Computational modelling of the angiopoietin and Tie interactions

• Main Author: Alawo, Deborah O. A.
• Other Authors: Brindle, Nicholas ; Bates, Declan
• Published: University of Leicester 2014
• Subjects: 616.1
• Online Access: http://ethos.bl.uk/OrderDetails.do?uin=uk.bl.ethos.702679

Angiopoietins have been shown to regulate the vascular states of development and quiescence. Activation of this signalling pathway through their receptor tyrosine kinase, Tie2, is involved in angiogenesis and vascular protection. Regulation of this pathway is under tight control and has many complex factors which regulate its activation, defects in which cause many pathological conditions such as; vascular disease, sepsis and cancer. There are several factors which are integrated to control the Tie2 signalling pathway at the level of the receptor and these mechanisms are poorly understood. Computational and mathematical modelling can be used to understand the regulation of this pathway. The aim of this project was to construct a quantitative model of the angiopoietin and Tie interactions at the endothelial cell surface. A schematic representation of the interactions was produced in the CellDesigner modelling program. Ordinary differential equations were used to describe the system and change of states over time. Parameters required for the simulation of the model were identified and most were obtained from the literature, while others were quantified through experiments.

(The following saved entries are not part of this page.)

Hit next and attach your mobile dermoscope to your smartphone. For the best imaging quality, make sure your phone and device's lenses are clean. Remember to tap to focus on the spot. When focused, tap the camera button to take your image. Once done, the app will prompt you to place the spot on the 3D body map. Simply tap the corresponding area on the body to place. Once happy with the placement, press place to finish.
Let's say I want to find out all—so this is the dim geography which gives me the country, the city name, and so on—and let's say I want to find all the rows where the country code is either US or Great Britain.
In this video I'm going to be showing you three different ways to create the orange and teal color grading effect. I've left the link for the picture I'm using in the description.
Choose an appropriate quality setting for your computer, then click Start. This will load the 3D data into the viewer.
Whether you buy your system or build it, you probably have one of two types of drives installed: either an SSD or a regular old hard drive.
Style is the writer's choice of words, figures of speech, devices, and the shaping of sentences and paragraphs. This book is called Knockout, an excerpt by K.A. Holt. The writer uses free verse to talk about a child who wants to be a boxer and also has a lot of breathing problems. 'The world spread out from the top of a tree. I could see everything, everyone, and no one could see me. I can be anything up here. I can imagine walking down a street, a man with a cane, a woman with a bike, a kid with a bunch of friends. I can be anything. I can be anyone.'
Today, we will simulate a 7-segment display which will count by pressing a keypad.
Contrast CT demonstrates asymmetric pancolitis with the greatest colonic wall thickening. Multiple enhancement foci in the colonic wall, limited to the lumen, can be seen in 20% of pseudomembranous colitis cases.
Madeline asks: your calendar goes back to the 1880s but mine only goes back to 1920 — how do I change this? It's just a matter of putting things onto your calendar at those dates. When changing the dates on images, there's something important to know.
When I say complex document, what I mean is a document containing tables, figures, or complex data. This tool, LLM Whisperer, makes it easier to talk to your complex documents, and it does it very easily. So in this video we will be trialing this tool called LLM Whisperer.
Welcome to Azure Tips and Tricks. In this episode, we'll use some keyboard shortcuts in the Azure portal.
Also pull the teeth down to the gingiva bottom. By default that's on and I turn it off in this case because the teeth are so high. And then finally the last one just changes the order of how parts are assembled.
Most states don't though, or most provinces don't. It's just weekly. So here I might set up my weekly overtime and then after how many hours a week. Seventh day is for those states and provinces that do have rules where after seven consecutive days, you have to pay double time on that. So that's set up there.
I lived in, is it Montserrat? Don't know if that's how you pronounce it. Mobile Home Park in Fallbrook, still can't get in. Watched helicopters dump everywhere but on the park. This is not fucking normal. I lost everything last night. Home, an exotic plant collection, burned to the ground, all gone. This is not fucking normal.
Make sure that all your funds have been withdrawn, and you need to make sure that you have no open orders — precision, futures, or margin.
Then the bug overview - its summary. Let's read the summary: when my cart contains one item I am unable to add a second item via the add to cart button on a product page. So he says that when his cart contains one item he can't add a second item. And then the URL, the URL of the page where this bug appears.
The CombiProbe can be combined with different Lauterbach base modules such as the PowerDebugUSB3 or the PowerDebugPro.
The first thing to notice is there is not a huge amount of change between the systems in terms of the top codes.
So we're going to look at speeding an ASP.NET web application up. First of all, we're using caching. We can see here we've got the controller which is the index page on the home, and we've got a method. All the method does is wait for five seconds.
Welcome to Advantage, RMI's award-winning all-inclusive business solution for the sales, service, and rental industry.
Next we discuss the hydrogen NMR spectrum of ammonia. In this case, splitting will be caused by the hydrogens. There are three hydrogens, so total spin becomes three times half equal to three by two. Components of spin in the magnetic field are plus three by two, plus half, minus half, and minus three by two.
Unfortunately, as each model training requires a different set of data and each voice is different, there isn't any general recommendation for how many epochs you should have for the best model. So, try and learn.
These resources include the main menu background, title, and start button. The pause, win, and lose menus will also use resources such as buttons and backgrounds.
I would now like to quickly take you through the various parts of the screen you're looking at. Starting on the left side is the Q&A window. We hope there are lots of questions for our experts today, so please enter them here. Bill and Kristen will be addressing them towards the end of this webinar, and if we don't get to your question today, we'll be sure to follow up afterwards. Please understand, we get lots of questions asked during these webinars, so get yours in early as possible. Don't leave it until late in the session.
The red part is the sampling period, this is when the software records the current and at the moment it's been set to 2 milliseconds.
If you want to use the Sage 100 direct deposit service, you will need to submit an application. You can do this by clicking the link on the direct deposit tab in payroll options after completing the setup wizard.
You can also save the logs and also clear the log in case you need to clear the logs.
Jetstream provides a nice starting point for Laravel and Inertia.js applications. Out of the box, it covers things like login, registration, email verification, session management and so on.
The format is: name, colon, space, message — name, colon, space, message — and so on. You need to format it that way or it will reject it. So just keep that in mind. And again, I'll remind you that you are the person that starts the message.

The model was converted for use in MATLAB to simulate the angiopoietin time-courses and concentration-dependent studies. Quantitative Western blotting was used to measure the relative levels of receptor activation in endothelial cells stimulated with angiopoietin(s). Subsequently simulation results were compared to experimental data to validate the model. In summary this project has established a model similar to physiological conditions which is valid for Ang1 and potentially for Ang2 interactions. This simplified model of Ang1 and Ang2 interactions with Tie2 on the endothelial cell surface provides a foundation on which further analysis, and additional receptor modelling can be performed and expanded. The model can also be used to test hypotheses, generate new predictions, and identify new therapeutic targets for many diseases.